Yu Xin, Li Xin, Lin Haiping, Liu Mengxi, Cai Liangliang, Qiu Xia, Yang Dandan, Fan Xing, Qiu Xiaohui, Xu Wei
Interdisciplinary Materials Research Center, College of Materials Science and Engineering, Tongji University, Shanghai 201804, People's Republic of China.
CAS Key Laboratory of Standardization and Measurement for Nanotechnology, CAS Center for Excellence in Nanoscience, National Center for Nanoscience and Technology, Beijing 100190, People's Republic of China.
J Am Chem Soc. 2020 May 6;142(18):8085-8089. doi: 10.1021/jacs.0c01925. Epub 2020 Apr 27.
The structural transformation from symmetric cumulene to broken-symmetry polyyne within a one-dimensional (1-D) atomic carbon chain is a signature of Peierls distortion. Direct observation of such a structural transformation with single-bond resolution is, however, still challenging. Herein, we design a molecule with a cumulene moiety (BrC═C═C═CBr) and employ STM tip manipulation to achieve the molecular skeleton rearrangement from a cumulene to a diyne moiety (Br-C≡C-C≡C-Br). Furthermore, by an on-surface reaction strategy, thermally induced entire debromination (:C═C═C═C:) leads to the formation of a 1-D organometallic polyyne (-C≡C-C≡C-Au-) with a semiconducting characteristic, which implies that a Peierls-like transition may occur in a rationally designed molecular system with limited length.
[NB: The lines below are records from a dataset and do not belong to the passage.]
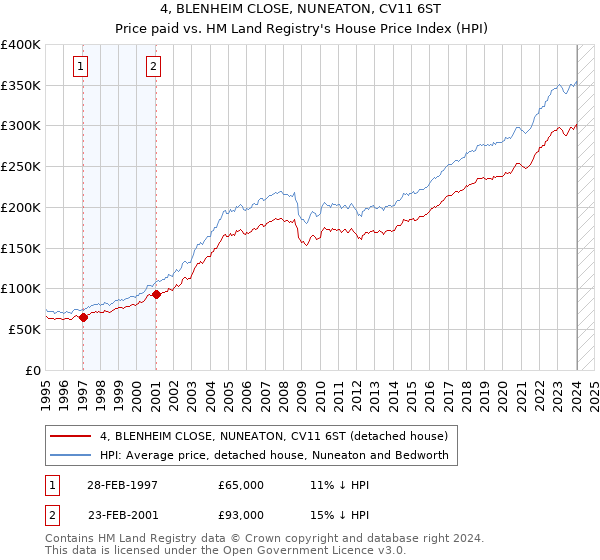 4, BLENHEIM CLOSE, NUNEATON, CV11 6ST: Price paid vs HM Land Registry's House Price Index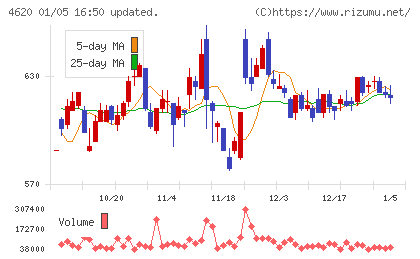 藤倉化成チャート
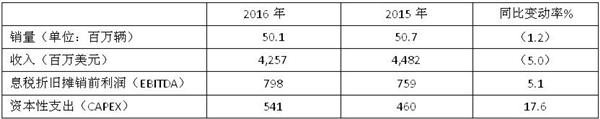 企业财报，零部件100强，尼玛克2016财报,尼玛克2016收入,尼玛克EBITDA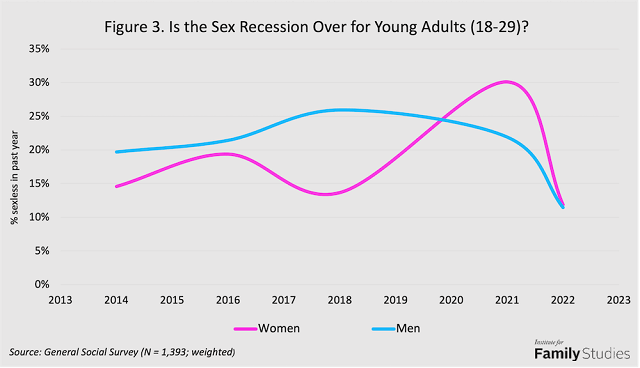 Institute for family studies GSS graph, under 30s who haven't had sex in the past year as of 2022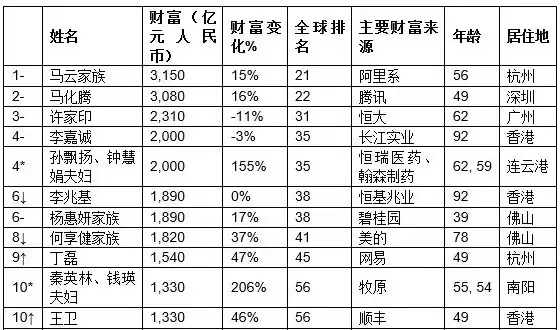 中国新首富身家≈马化腾＋王健林＋刘强东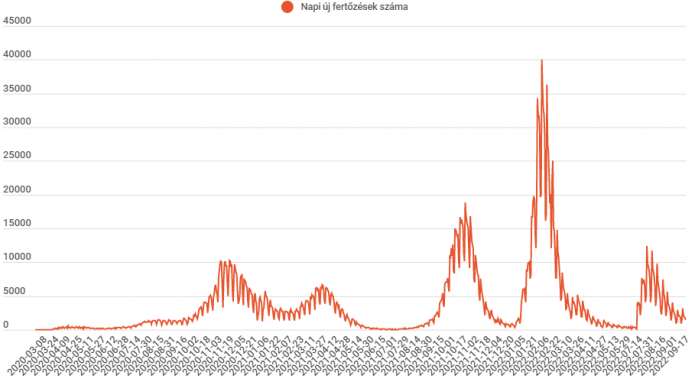 Kevesebb mint 1500 új fertőzöttet jelentettek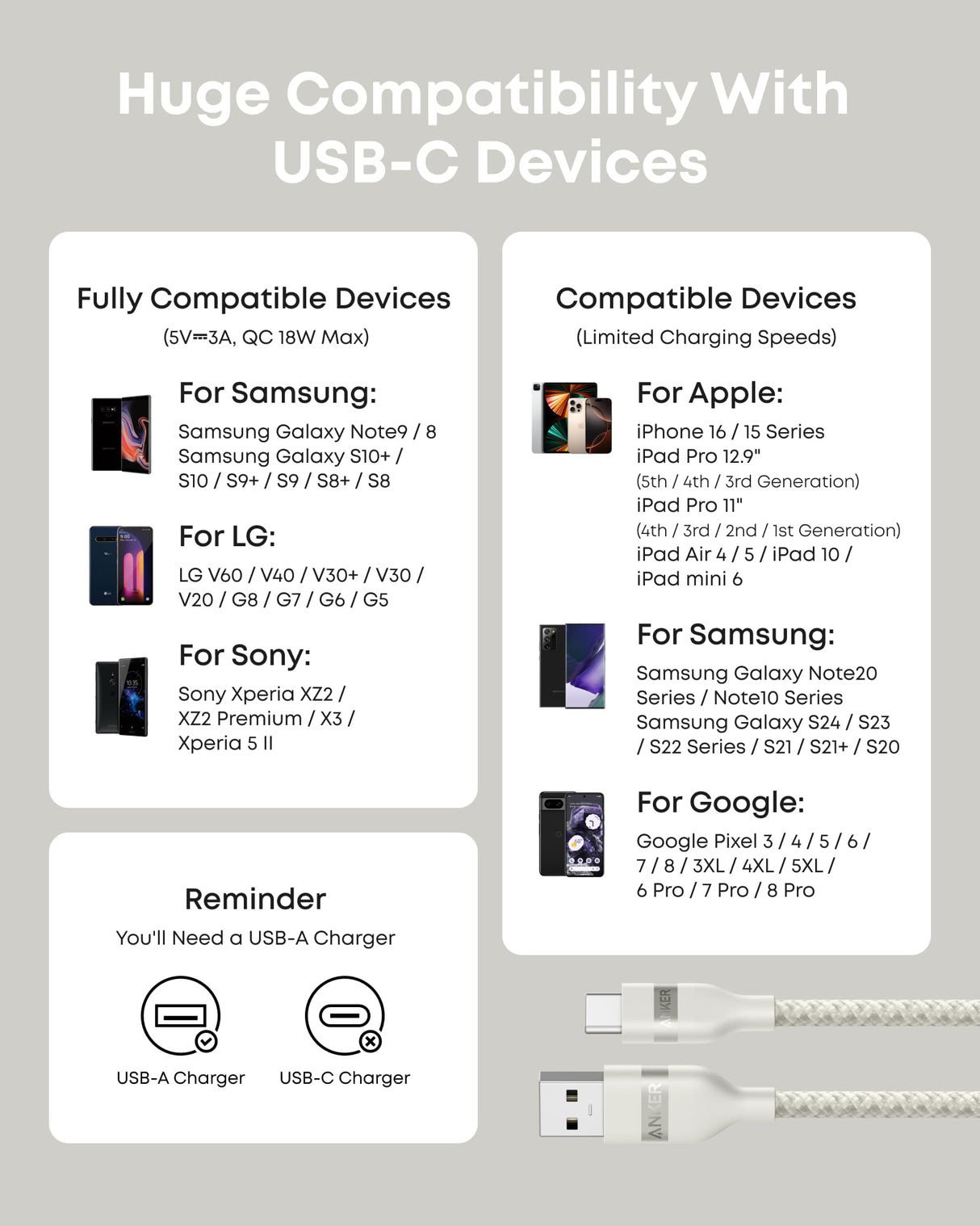 White Anker USB-A to USB-C braided cable, 6 ft length, durable upcycled design, ideal for fast charging and data transfer.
在一维(1-D)原子碳链中从对称累积烯到破缺对称聚炔的结构转变是派尔斯畸变的一个标志。然而,以单键分辨率直接观察这种结构转变仍然具有挑战性。在此,我们设计了一种带有累积烯部分(BrC═C═C═CBr)的分子,并采用扫描隧道显微镜(STM)针尖操纵来实现分子骨架从累积烯到二炔部分(Br-C≡C-C≡C-Br)的重排。此外,通过表面反应策略,热诱导的完全脱溴(:C═C═C═C:)导致形成具有半导体特性的一维有机金属聚炔(-C≡C-C≡C-Au-),这意味着在具有有限长度的合理设计的分子体系中可能发生类似派尔斯的转变。